Overview

Chronic pain affects nearly 28 million people in the UK.¹ This common yet distressing problem has a significant impact on individuals. Chronic pain often follows injury or disease. However, since pain is ‘subjective’, the underlying cause is not fully known and finding relief is made difficult.² 

An emerging theory is that clinical endocannabinoid deficiency (CED) is a contributor to diseases with hyperalgesia (abnormally lowered pain threshold), such as irritable bowel disease, migraines and fibromyalgia. As the endocannabinoid system is responsible for a wide range of control, including pain control, it is posited that we experience the consequences of this when the system is not functioning optimally. If we can remedy the underlying cause of CED, we can then treat chronic pain disorders. Research is underway to utilise therapies that target the endocannabinoid system (ECS), using cannabis for drug development.³ 

The endocannabinoid system

Many of us are most likely aware of what cannabis is, which is otherwise known as cannabis sativa, pot, 420, weed, ganga, and marijuana. We either know people who use cannabis recreationally or medically, or have personal experiences with this plant and its effects. In fact, it would be difficult for us to avoid the existence of this ‘drug’ given its popularity all over the world. However, the underlying mechanism of how cannabis causes its characteristic ‘high’ and the effects it has on one’s body might be a new topic to some.
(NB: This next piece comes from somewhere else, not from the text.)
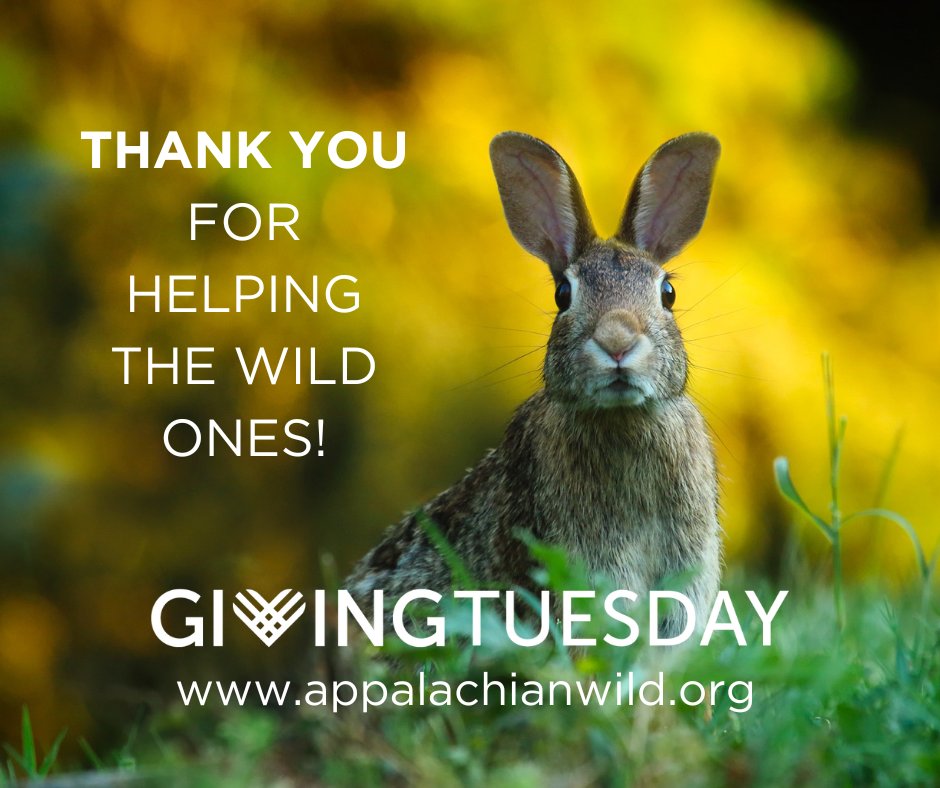 Join us in saving wild lives and making second chances possible for the wildlife of western North Carolina - givebutter.com/MealsMedsMirac…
Furthermore, the way in which the endocannabinoid system contributes to daily life might not be clear.³ 

What is the endocannabinoid system?

The endocannabinoid system (endo, derived from endogenous, meaning internal and cannabinoid referencing the molecules in cannabis) is a critical and vastly important network of chemicals and receptors in the brain and body. This system controls and helps regulate a variety of bodily functions:³

• Learning and memory
• Eating
• Emotional control
• Sleep 
• Immune and inflammatory responses 
• Temperature control 
• Pain control

It stands to reason that if the ECS becomes dysregulated, its control over these crucial bodily functions may be compromised.³

How does the ECS work?

This system operates through a relatively simple mechanism: a receptor (a site of binding) has a specific shape for a particular ligand (a molecule that binds), triggering an array of reactions based on that specific interaction.³ 

The endocannabinoid system is composed of two receptors:³

• Cannabinoid receptor 1 (CB1): this is the prominent receptor type in the central nervous system (CNS; i.e., the brain and spinal cord). This receptor is spread all over the brain and controls how these brain areas respond
• Cannabinoid receptor 2 (CB2): unlike CB1, this receptor is only found on immune cells (white blood cells that help the body fight infection and disease). However, in certain diseases, CB2 can also be found in the brain, which can disrupt normal functioning

Next, we need the ligands, known as endocannabinoids. Currently, the human body is known to produce two prominent endogenous ligands:^4,5 

• Anandamine (AEA, i.e., N-arachidonoylethanolamine): derived from the Sanskrit word ‘ananda’ meaning internal bliss. Aptly named, this molecule is known to regulate the reward circuit of the brain and can regulate pain, memory, appetite control, movement and superior cognitive processing
• Arachidonoylglycerol (2-AG): this ligand binds both CB1 and CB2. It is shown to influence emotions, pain management, cognitive functions, and neuroinflammation (inflammation of the brain)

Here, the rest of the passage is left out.